As Warren put it, “The agency has become the watchdog that we fought for.”

Although the newly formed agency has made significant headway in a short amount of time, the financial industry and its lobbyists’ efforts to delay or dilute several crucial provisions in the Dodd-Frank financial reform law have proven effective. As The Washington Post reported last week, fewer than half of the laws mandated by the Dodd-Frank have been implemented since it was signed into law in 2010.

“About 70 percent of the 398 deadlines have passed, and out of those, 62.7 percent have been missed. So as the law’s third anniversary approaches, less than half of it has been actually implemented.”

Congressional Republicans have made it clear that they would block any and all efforts to confirm Cordray. During this year’s Senate confirmation hearing, 43 Republican senators— three more than needed to sustain a filibuster— signed a letter saying they “will continue to oppose the consideration of any nominee, regardless of party affiliation, to be the CFPB director until key structural changes” are made to the bureau.

Polls already show that there is broad public support for the CFPB and its mission. A vast majority of small business owners share the same sentiment as well.

Republicans in the Senate need to stop blocking Cordray’s nomination and start advocating on the behalf on American consumers instead of big banks. It’s time to confirm Cordray, fully implement Dodd-Frank and fight for the middle class.

Warren ended by saying “We got a consumer financial agency because we worked hard to get it. We know that when we fight together we can win.” She also thanked progressives for their hard work and support, urging them to keep the pressure on.

“Thank you for the fight, that’s what we have to keep doing.”

Cohen Updates the NLRB Confirmation Fight

After Sen. Warren spoke, the Communications Workers of America’s Larry Cohen spoke about similarities between the CFPB fight the fight to get a full five-person panel at the National Labor Relations Board. The NLRB decides on labor-related cases in the United States for all Americans working in the private sector. Cohen spoke on the importance of the National Labor Relations Board and the impact of blocking members to the panel.

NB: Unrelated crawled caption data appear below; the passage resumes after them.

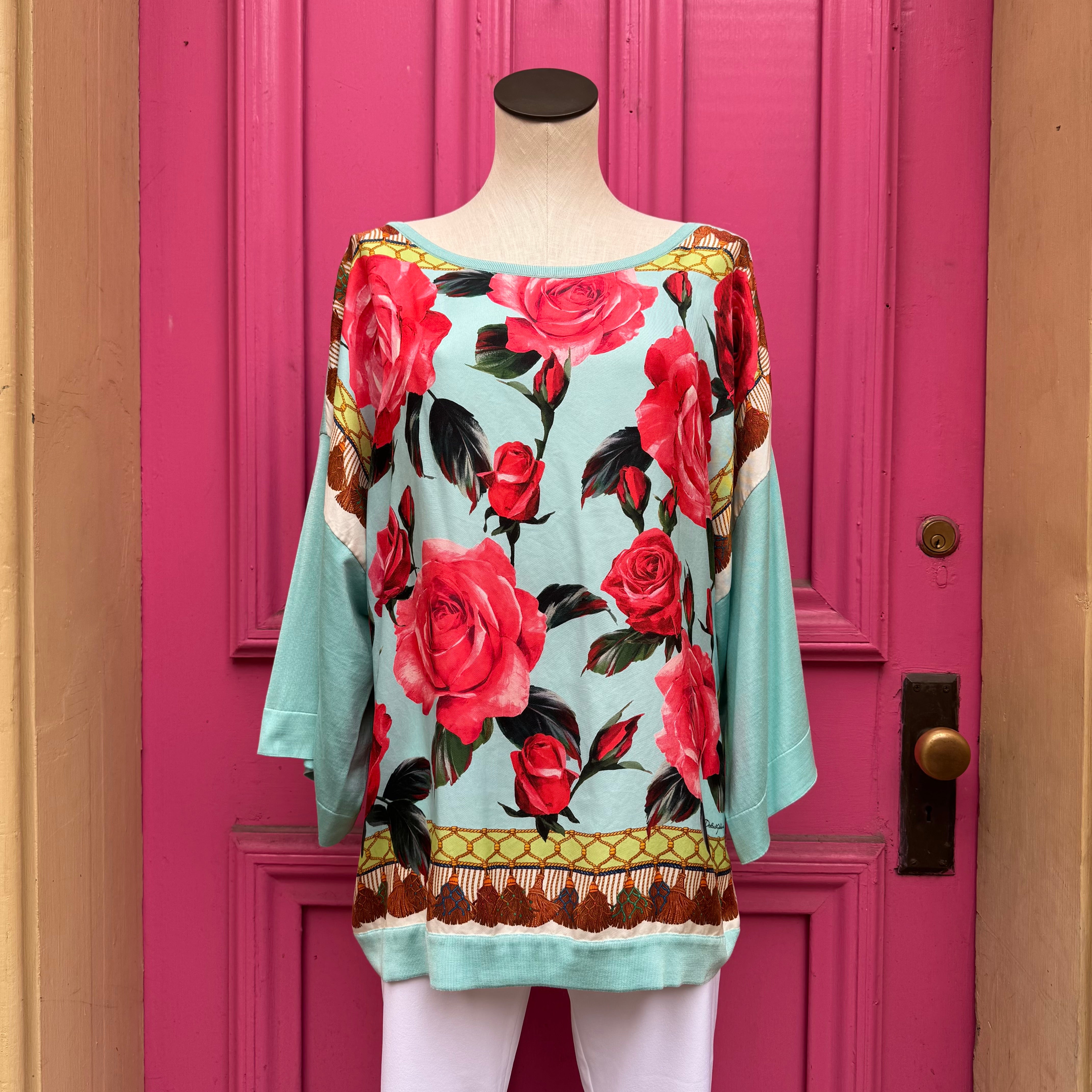 Dolce & Gabbana blue floral knit silk top size approx 48 (12)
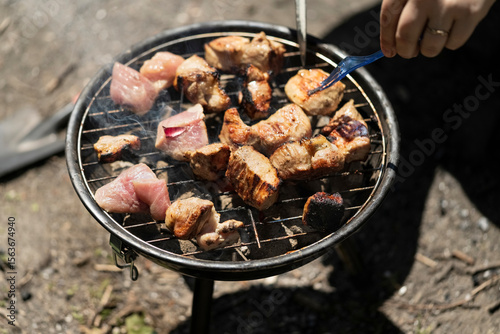 cooking Meat on the grill, barbecue concept, picnic, outdoor catering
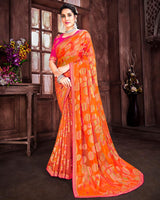 Vishal Prints Orange Brasso Saree With Foil Print And Zari Border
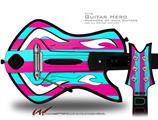  Kearas Psycho Stripes Neon Teal and Hot Pink Decal Style Skin - fits Warriors Of Rock Guitar Hero Guitar (GUITAR NOT INCLUDED)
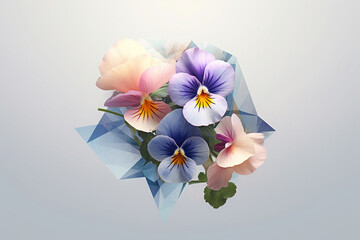 Aufkleber - A pastel-colored geometric-style Pansy artwork with intricate geometric shapes and soft pastel hues, showcasing the beauty of nature in a modern design.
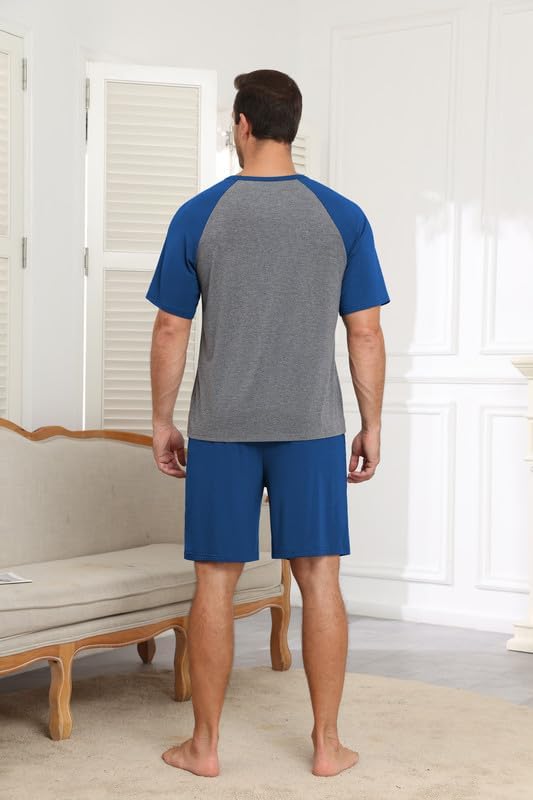 Ekouaer Mens Pajamas Set Bamboo Viscose Short Sleeve Pjs Sets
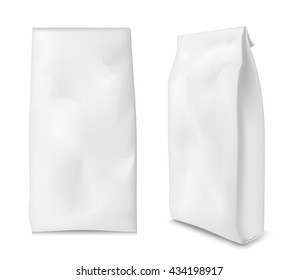 Paper bag for flour, tea, coffee, pasta. Vector white soft packing.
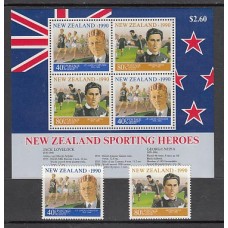 Nueva Zelanda - Correo 1990 Yvert 1076/7+H,76 ** Mnh Deportes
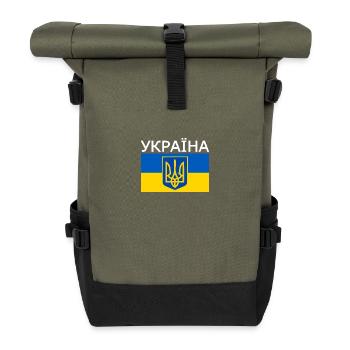 Україна - Rolltop Rucksack - Olive/Schwarz - Vorne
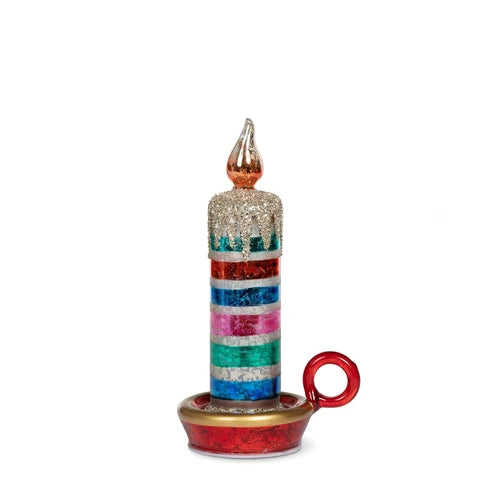 RETRO STRIPE GLASS TABLETOP CANDLE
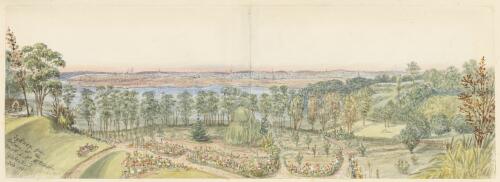 Sydney from Botany at the Honble. [i.e. Honourable] A. McArthur's, Glebe Point, New South Wales [picture] / [Frederick James Jobson]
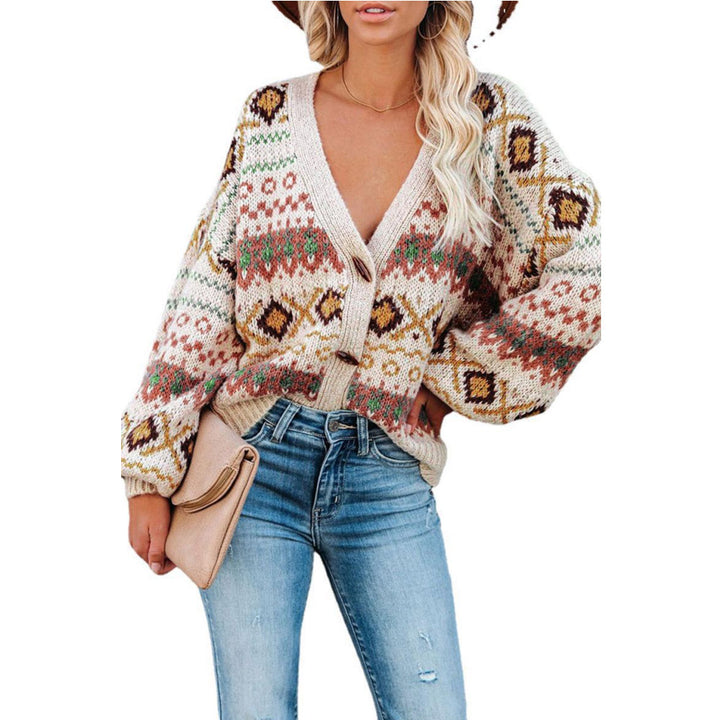 Women's cardigan with folk pattern and casual cut Lune London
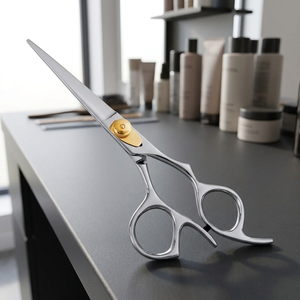 Ciseaux de coiffure professionnels en acier inoxydable 440C, pointe acérée, pour droitiers, manche long - Product Image 3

While last week’s rally focused on the rights of union workers at CNN, the NLRB’s domain extends to eighty million Americans that work in the private sector. Cohen emphasized that this includes six million unionized workers, but also 74 million non-unionized workers, whose only recourse is to go directly to the NLRB in cases of labor abuses.

The panel, which was designed to be five members, evenly split with the chair being appointed by the President’s party, currently has three members, two of which were appointed in recess. The rulings of this board have been challenged because there is only member who is seen as having legitimacy, having made it through confirmation, chairman Mark Pearce. His term will expire August 27, leaving the board without a quorum and without any Senate-confirmed members.

Without a quorum, the NLRB cannot render any decisions, weakening one of the few agencies in the U.S. that fights for the working-class American. Cohen called on Majority Leader Harry Reid to stop the Senate Republican filibuster threat by changing the rules of the Senate for nominees. Cohen reiterated that the filibustering party need not actually hold the floor by talking for hours on end, but rather just the threat of filibuster has made the Senate into a body that must receive 60 votes to pass any bill.

On August 28, if no more members are confirmed to the NLRB, there will be no one to protect the rights of American workers from abuses by their employers. It is a scary thought indeed that in this day and age, American workers will be without protection when they need it most.

Richard Long contributed to this post.